[Dataset items]:
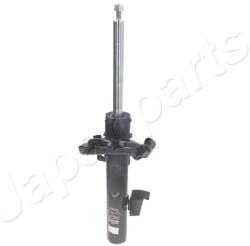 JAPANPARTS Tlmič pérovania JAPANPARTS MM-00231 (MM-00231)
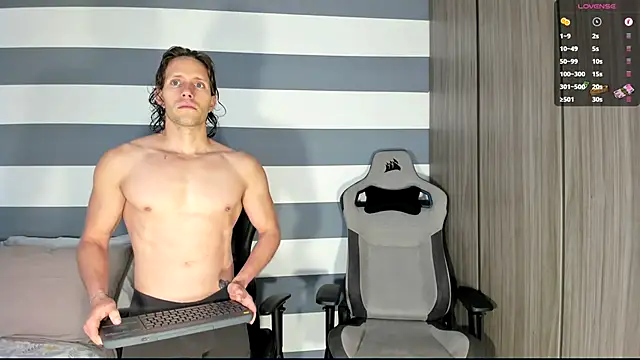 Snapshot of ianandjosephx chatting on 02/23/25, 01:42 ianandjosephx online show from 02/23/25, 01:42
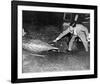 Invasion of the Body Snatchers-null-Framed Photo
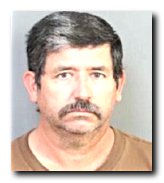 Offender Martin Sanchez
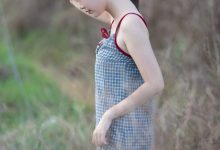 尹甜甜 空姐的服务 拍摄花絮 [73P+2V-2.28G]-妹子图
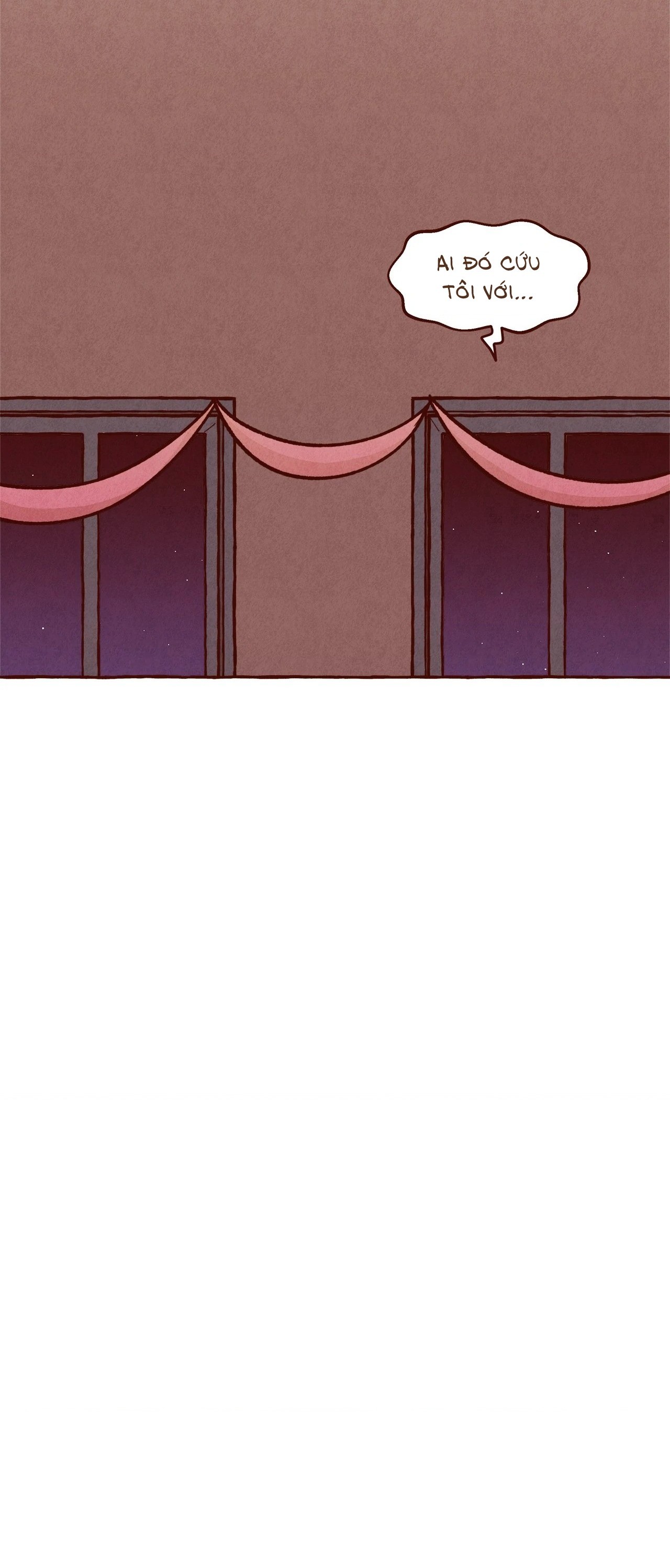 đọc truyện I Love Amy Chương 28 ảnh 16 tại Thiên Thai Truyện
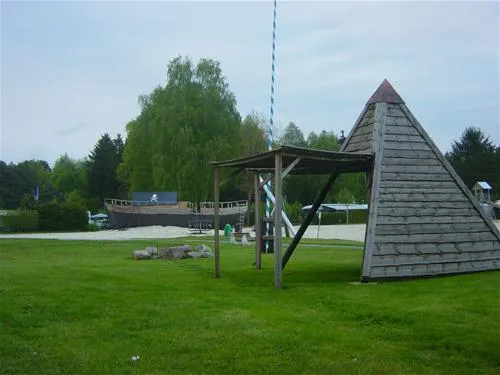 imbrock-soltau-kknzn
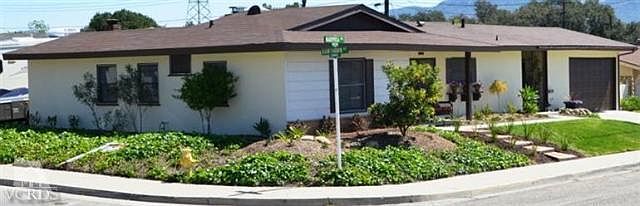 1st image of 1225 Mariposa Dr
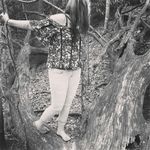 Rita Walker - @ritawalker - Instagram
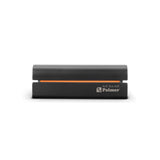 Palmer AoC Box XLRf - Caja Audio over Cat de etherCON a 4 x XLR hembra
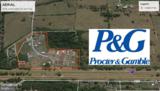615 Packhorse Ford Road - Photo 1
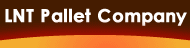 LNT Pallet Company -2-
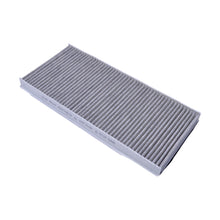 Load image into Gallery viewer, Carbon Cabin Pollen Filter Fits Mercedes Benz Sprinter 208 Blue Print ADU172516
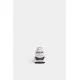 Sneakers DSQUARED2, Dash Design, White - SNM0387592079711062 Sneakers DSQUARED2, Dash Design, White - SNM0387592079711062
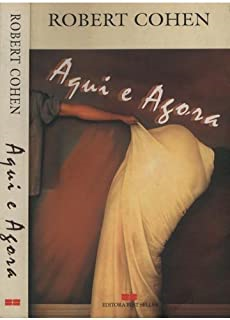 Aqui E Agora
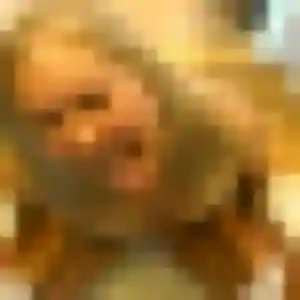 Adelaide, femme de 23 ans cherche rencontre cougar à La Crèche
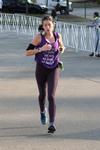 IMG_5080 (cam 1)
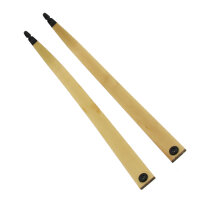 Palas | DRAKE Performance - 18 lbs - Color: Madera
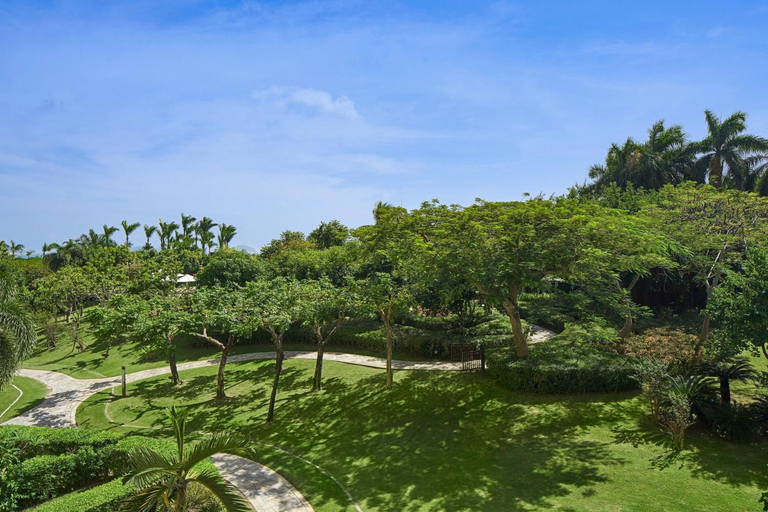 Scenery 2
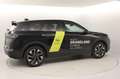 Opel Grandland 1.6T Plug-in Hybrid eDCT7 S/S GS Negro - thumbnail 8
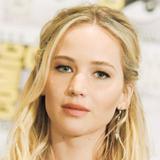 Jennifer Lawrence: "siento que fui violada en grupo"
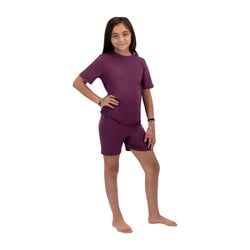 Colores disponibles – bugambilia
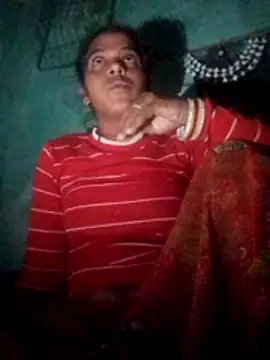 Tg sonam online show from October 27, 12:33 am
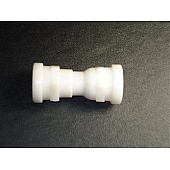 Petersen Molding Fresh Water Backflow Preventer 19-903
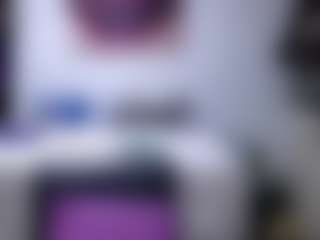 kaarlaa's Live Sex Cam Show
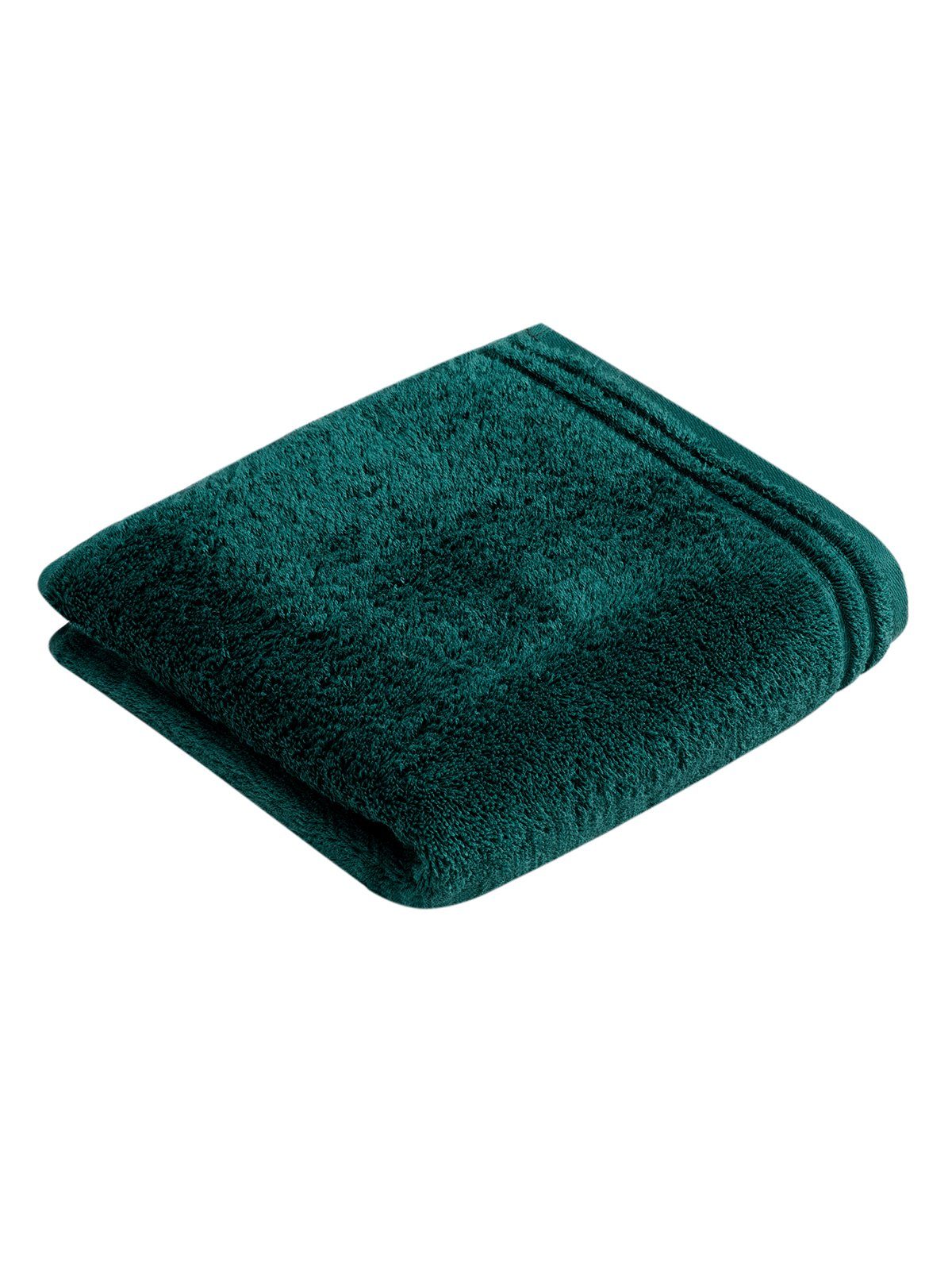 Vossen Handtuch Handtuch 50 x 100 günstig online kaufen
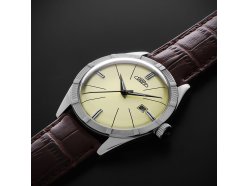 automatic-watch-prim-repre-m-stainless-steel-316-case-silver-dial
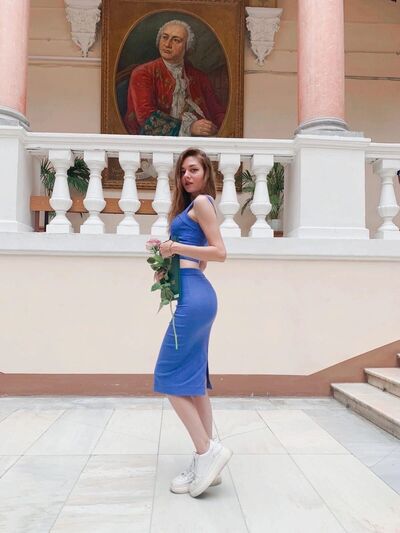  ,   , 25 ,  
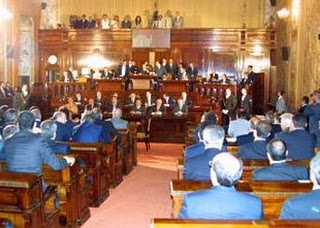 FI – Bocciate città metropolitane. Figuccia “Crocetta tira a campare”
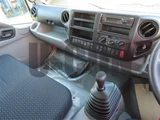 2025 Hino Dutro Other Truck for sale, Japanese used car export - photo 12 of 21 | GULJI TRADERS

[Your assignment]:
Exact copy, no pictures. Write out the lines in the entries above, starting with the line with "1st image of 1225 Mariposa Dr" and going on through the line with "kaarlaa's Live Sex Cam Show", keeping both.

[Response to this task]:
 1st image of 1225 Mariposa Dr
 Rita Walker - @ritawalker - Instagram
 Palmer AoC Box XLRf - Caja Audio over Cat de etherCON a 4 x XLR hembra
615 Packhorse Ford Road - Photo 1
 LNT Pallet Company -2-
 Load image into Gallery viewer, Carbon Cabin Pollen Filter Fits Mercedes Benz Sprinter 208 Blue Print ADU172516
 Sneakers DSQUARED2, Dash Design, White - SNM0387592079711062 Sneakers DSQUARED2, Dash Design, White - SNM0387592079711062
 Aqui E Agora
 Adelaide, femme de 23 ans cherche rencontre cougar à La Crèche
 IMG_5080 (cam 1)
 Palas | DRAKE Performance - 18 lbs - Color: Madera
 Scenery 2
 Opel Grandland 1.6T Plug-in Hybrid eDCT7 S/S GS Negro - thumbnail 8
 Jennifer Lawrence: "siento que fui violada en grupo"
 Colores disponibles – bugambilia
 Tg sonam online show from October 27, 12:33 am
 Petersen Molding Fresh Water Backflow Preventer 19-903
 kaarlaa's Live Sex Cam Show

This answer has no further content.